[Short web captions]
--

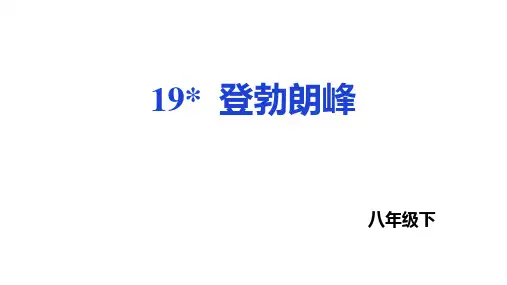 第19课 登勃朗峰 课件(共34张PPT)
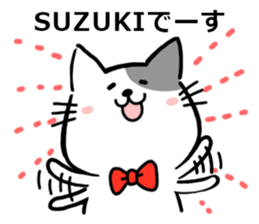Suzuki's exclusive cat sticker sticker #15904805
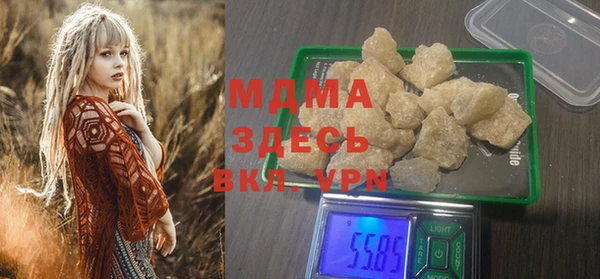 бутик Горно-Алтайск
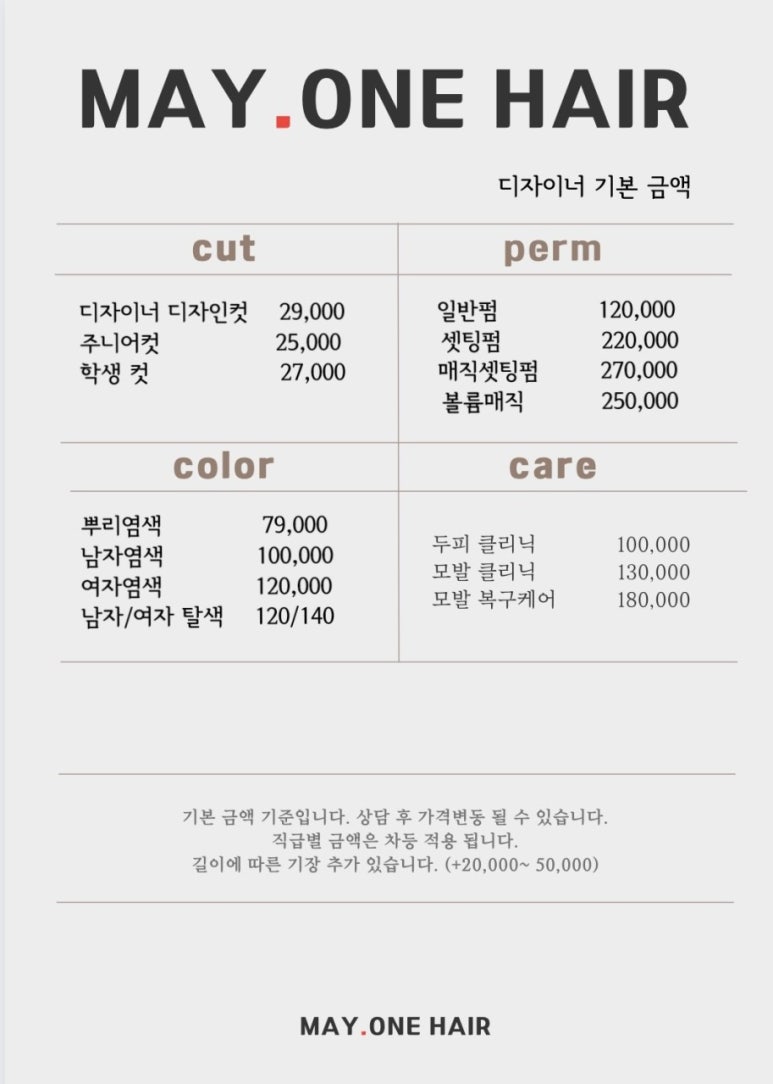 메이원 이미지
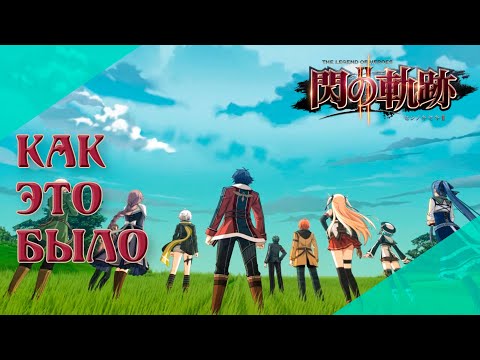 Видео: Как это было: Trails of Cold Steel 2, или лучшая из стали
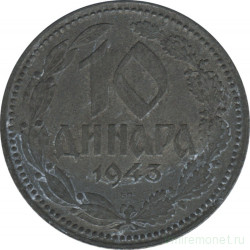 Монета. Сербия. 10 динаров 1943 год.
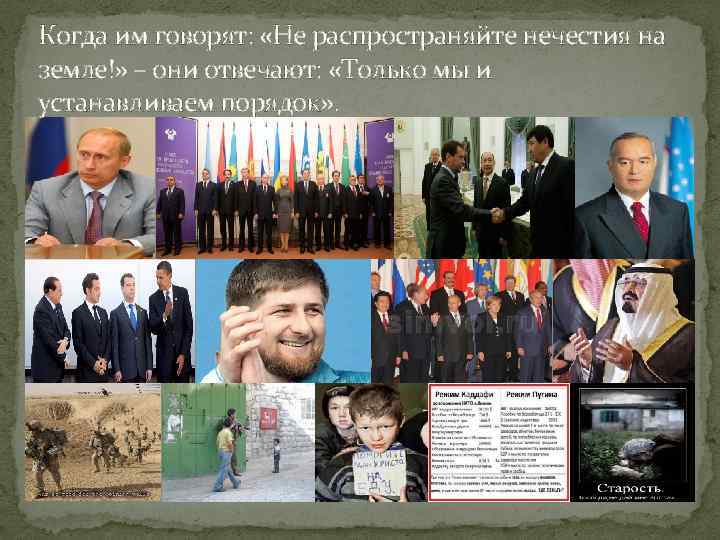 Когда им говорят: «Не распространяйте нечестия на земле!» – они отвечают: «Только мы и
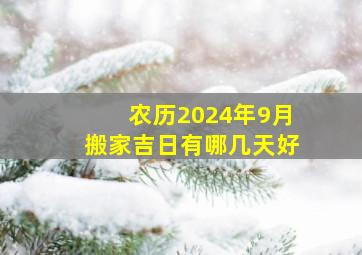 农历2024年9月搬家吉日有哪几天好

--

- **EXERCISE INSTRUCTIONS**:
Working from the records above, reproduce exactly the lines from the one with "бутик Горно-Алтайск" through the last line, without the pictures.

- **EXERCISE ANSWER**:
 бутик Горно-Алтайск
 메이원 이미지
 Видео: Как это было: Trails of Cold Steel 2, или лучшая из стали
 Монета. Сербия. 10 динаров 1943 год.
 Когда им говорят: «Не распространяйте нечестия на земле!» – они отвечают: «Только мы и
 农历2024年9月搬家吉日有哪几天好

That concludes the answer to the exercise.